Od czasu, gdy w mediach pojawiły się pierwsze oskarżenia wobec Weinsteina, producent z jednej z najbardziej wpływowych osób w branży filmowej stał się prawdziwym wrogiem publicznym Fabryki Snów. W mediach regularnie pojawiały się doniesienia o kolejnych ofiarach, które przez lata kariery wykorzystywał producent. Wśród fali negatywnych komentarzy, nie zabrakło jednak słów wsparcia dla Weinsteina. Producentowi współczuł m.in. Woody Allen, który sam od lat oskarżany jest o molestowanie własnej córki.
Tuż po przełomie w procesie Weinsteina okazało się, że producent ma również wsparcie w kolejnej "ofierze" ruchu #MeToo. Głos w sprawie postanowił zabrać sam Bill Cosby. Komik w 2018 roku został skazany za molestowanie ponad 50 kobiet i uznany za niebezpiecznego przestępcę seksualnego. Decyzją sądu 81-letni wówczas Cosby miał spędzić w więzieniu od 3 do 10 lat bez możliwości wyjścia za kaucją.
W poniedziałek na instagramowym profilu Billa Cosby'ego pojawiło się oświadczenie wystosowane przez jego rzecznika, Andrew Wyatta.
To szokujące nie tylko dlatego, że ławnicy nie byli izolowani, co dawało im dostęp do relacji medialnych i współczucia opinii publicznej.

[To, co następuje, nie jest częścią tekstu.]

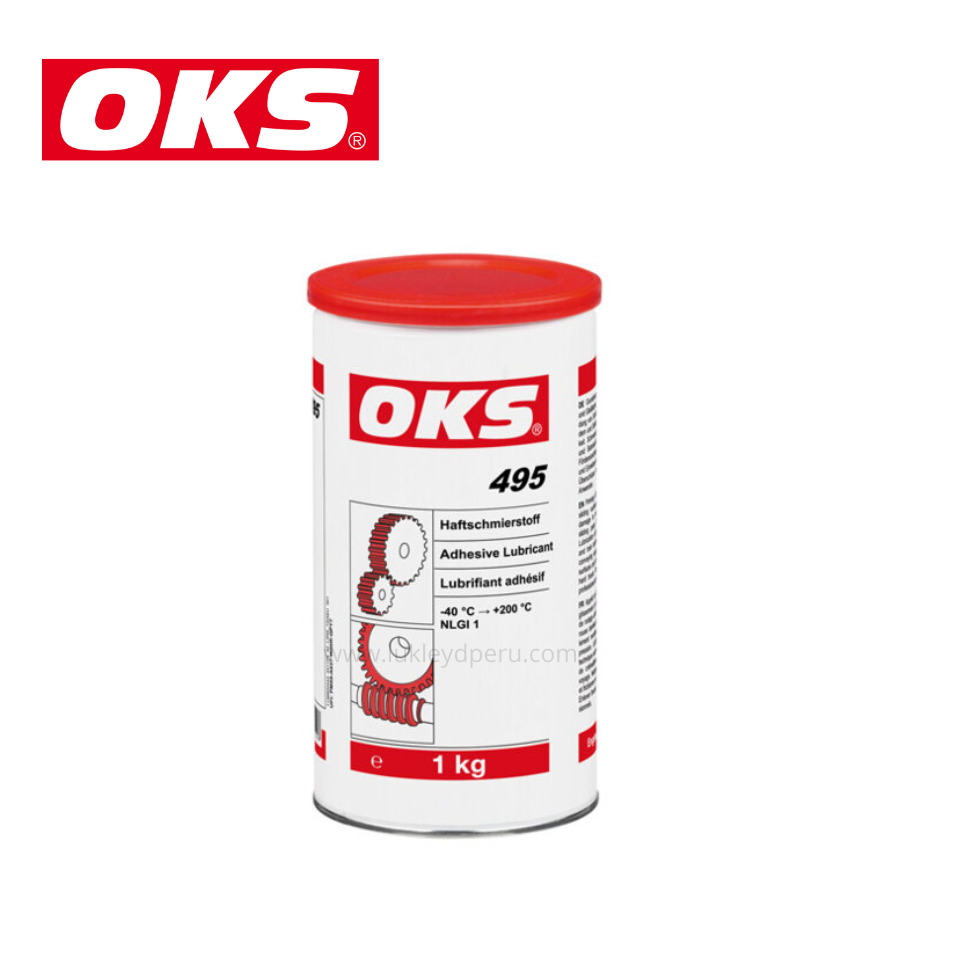 Lubricante adherente 1kg - OKS 495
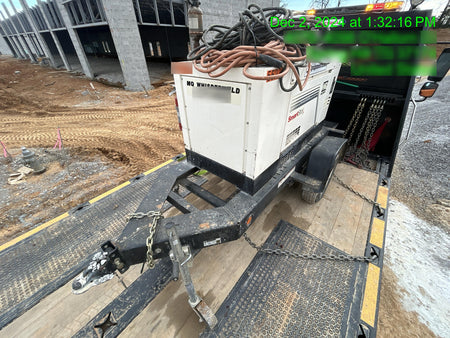2019 MULTIQUIP DLW400ESA4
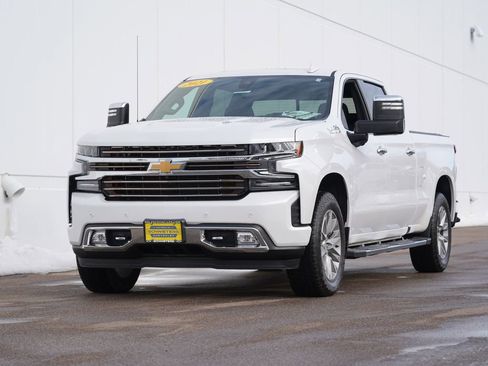 Used 2021 Chevrolet Silverado 1500 High Country w/ Technology Package image 7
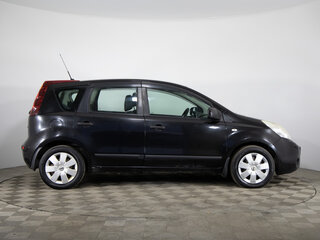 2011 Nissan Note I Рестайлинг, чёрный, 549000 рублей, вид 4
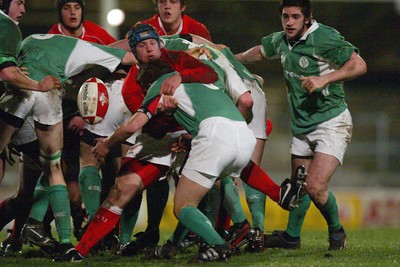 Wales U19 v Ireland U19 160207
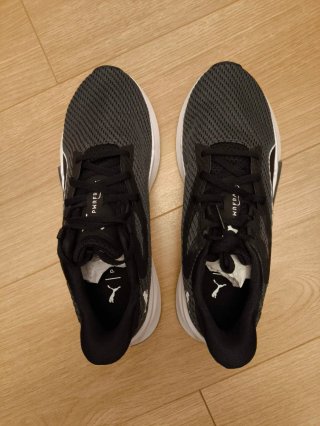 Zapatillas Puma Negras y Grises
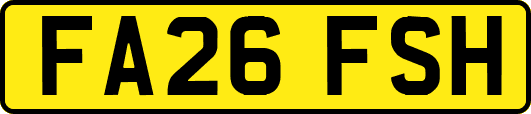 FA26FSH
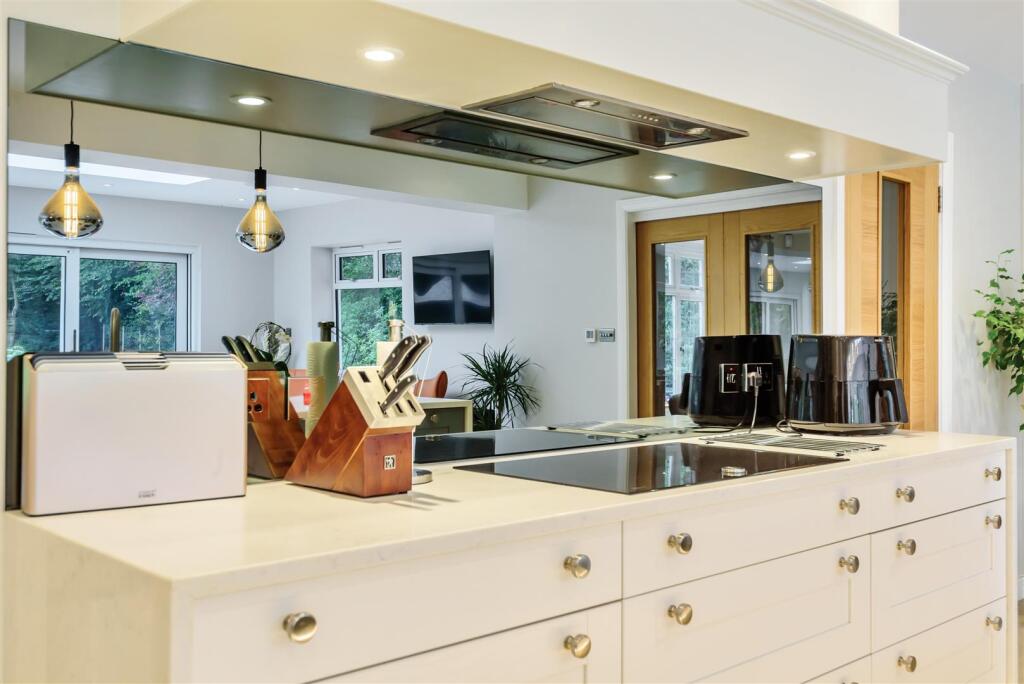 Open-Plan Kitchen/Family/Dining Room
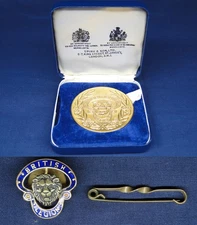 1971 BRITISH LEGION 50th ANNIVERSARY COMMEMORATIVE MEDAL 1921-1971 Spink London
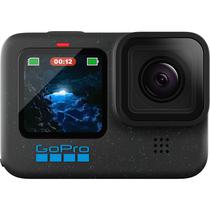 Camera de Acao Gopro Hero 12 CPST1 CHDHX-121-RW - 27MP - 5.3K - A Prova D'Agua - Preto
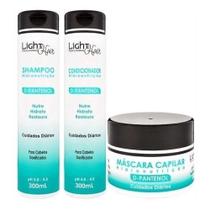 Kit D-Pantenol 300ml Light Hair Kit D-Pantenol 300ml Light Hair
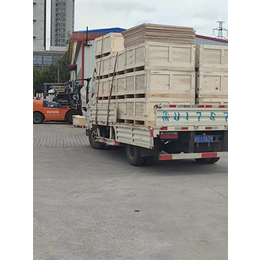 青岛黄岛港口木箱包装厂家电话 五金设备出口用免熏蒸木箱价格低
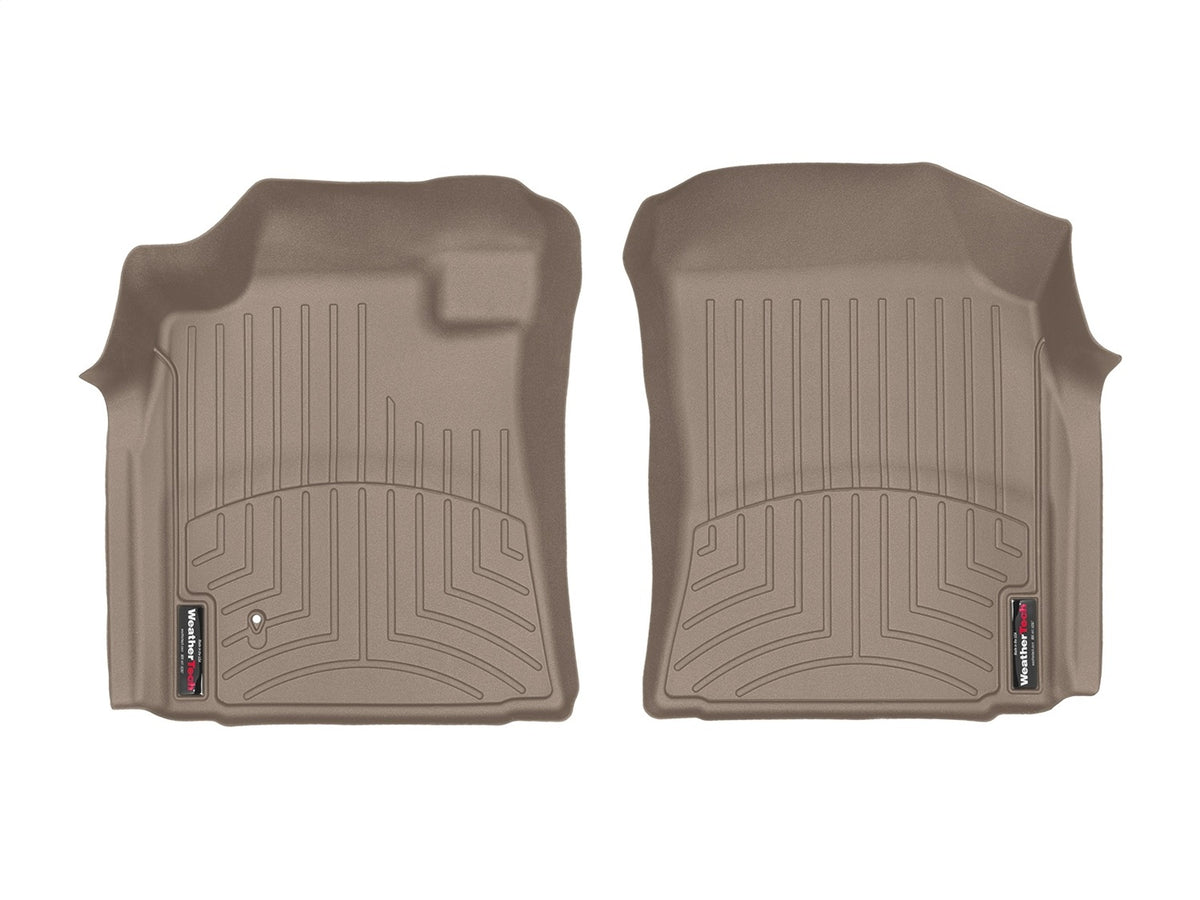 Weathertech - FloorLiner™ DigitalFit® - Tan Front 05-07 Toyota Sequoia / 04-06 Toyota Tundra - 450441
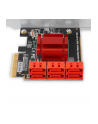 axagon PCIe kontroler 6x wewnętrzny port SATA 6G, PCES-SA6, ASM 1166, SP LP - nr 3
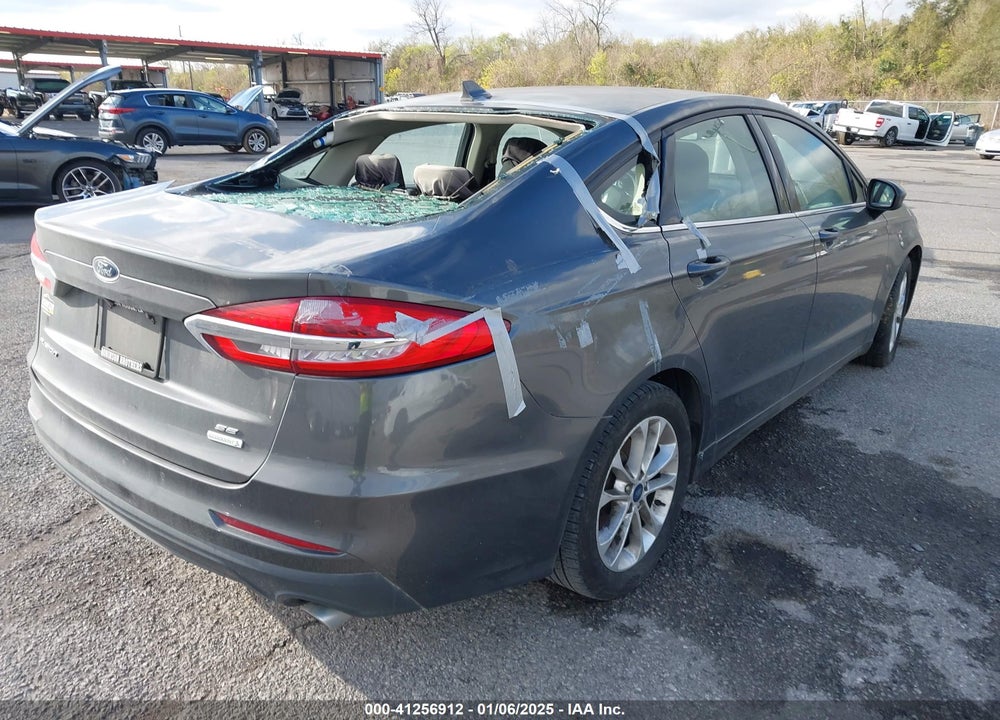 2019 FORD FUSION VIN: 3FA6P0HDXKR107837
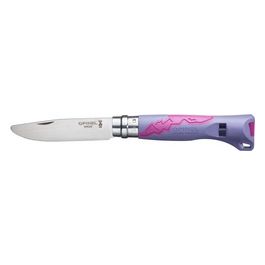 Outdoor Junior No. 07 Coltellino con Fischietto Viola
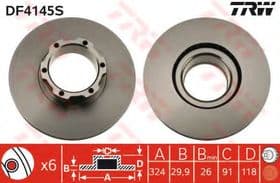 Гальмівний диск Гальмівний диск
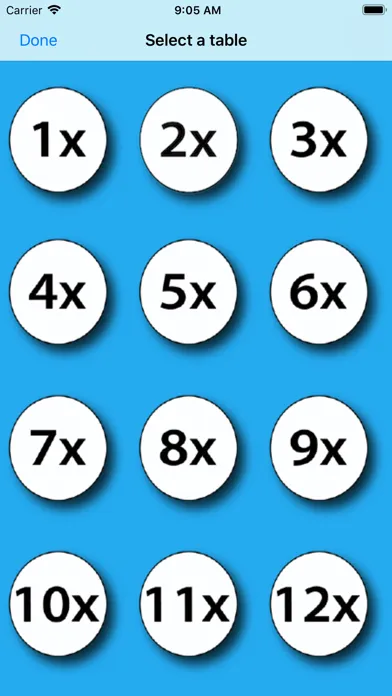 Multiplication-Quiz Screenshots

Niemożliwe, że ktokolwiek uwierzyłby, że pan Weinstein otrzyma szansę na sprawiedliwy i bezstronny proces (...) Oto pytanie, które powinno teraz prześladować wszystkich Amerykanów, a w szczególności sławnych i zamożnych mężczyzn. Dokąd mamy się udać, żeby w tym kraju znaleźć sprawiedliwe i bezstronne sądy? - czytamy w oświadczeniu Cosby'ego.
W swoim stanowisku skazany komik stwierdził również, że ruch #MeToo jest... rasistowski.
Gdyby w ruchu #MeToo nie chodziło jedynie o Becky (uwłaczające określenie białych kobiet - przyp. red.), rzuciłbym im wszystkim wyzwanie i kazał cofnąć się o 400 lat i zbrukać nazwiska oprawców, którzy gwałcili niewolników. To bardzo smutny dzień w historii amerykańskiego wymiaru sprawiedliwości - zakończył swój wywód Bill Cosby.
Myślicie, że Harvey Weinstein doceni jego słowa?